Given information:
● ● ● ●
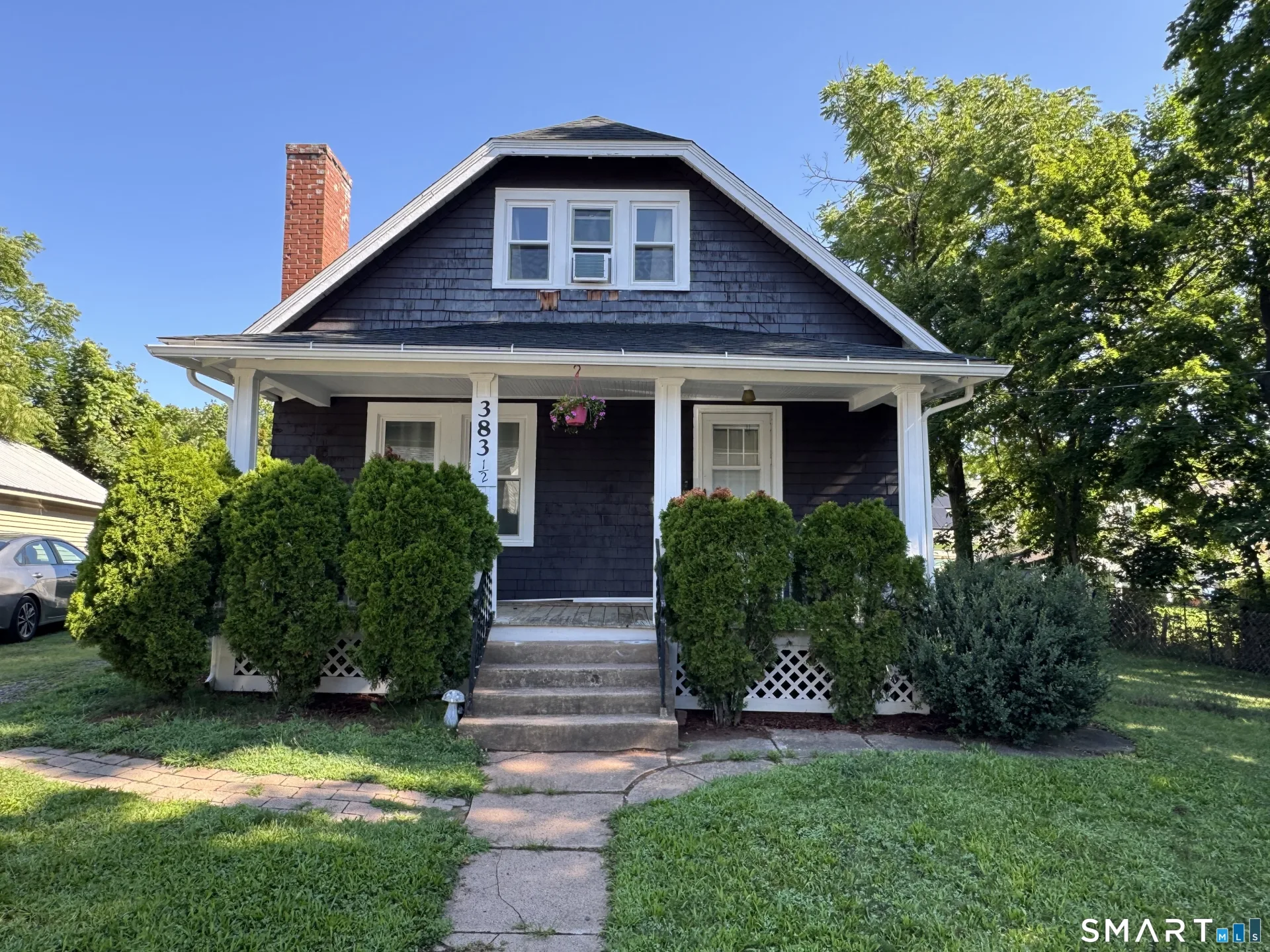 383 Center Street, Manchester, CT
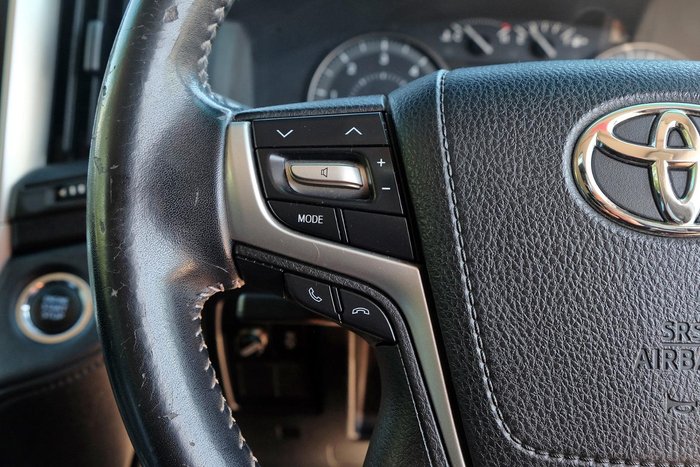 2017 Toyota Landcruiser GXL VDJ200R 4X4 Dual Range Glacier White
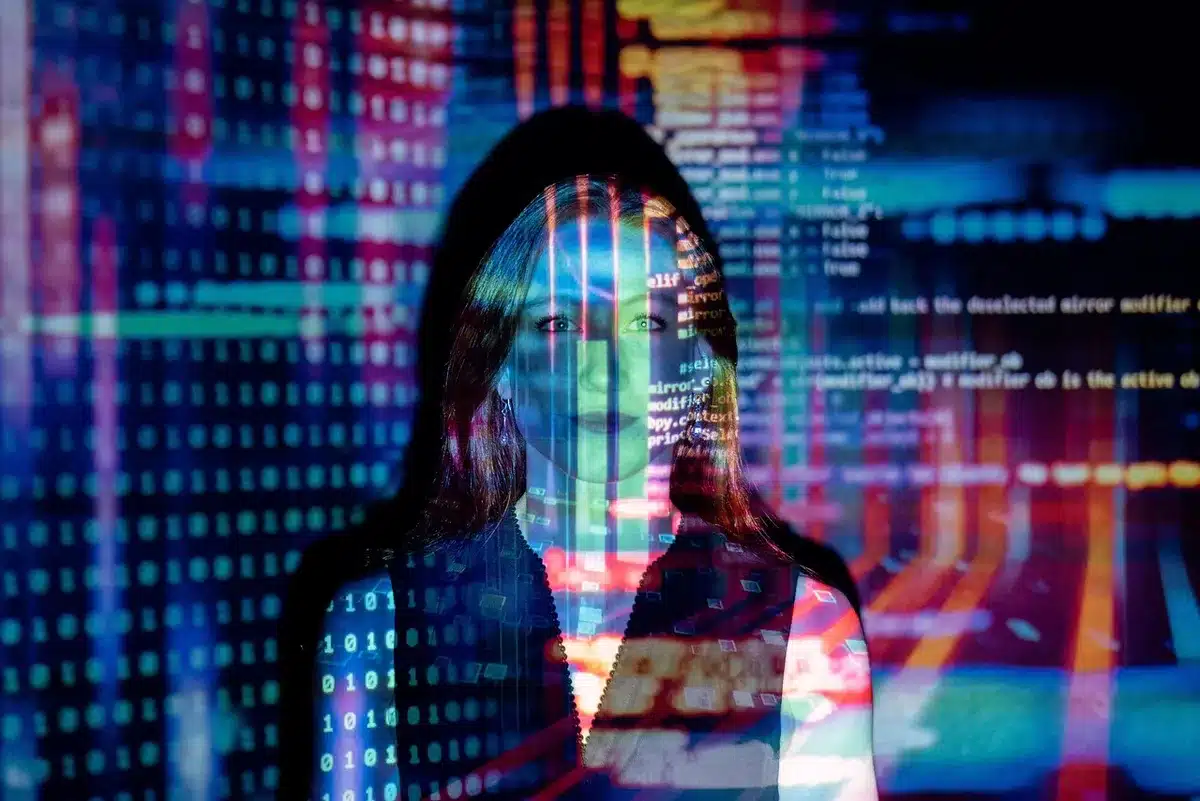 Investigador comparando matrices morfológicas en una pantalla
● ● ● ●
Your task: Pictures are to be left out; repeat all the remaining data exactly.

Task response:
 383 Center Street, Manchester, CT
 2017 Toyota Landcruiser GXL VDJ200R 4X4 Dual Range Glacier White
 Investigador comparando matrices morfológicas en una pantalla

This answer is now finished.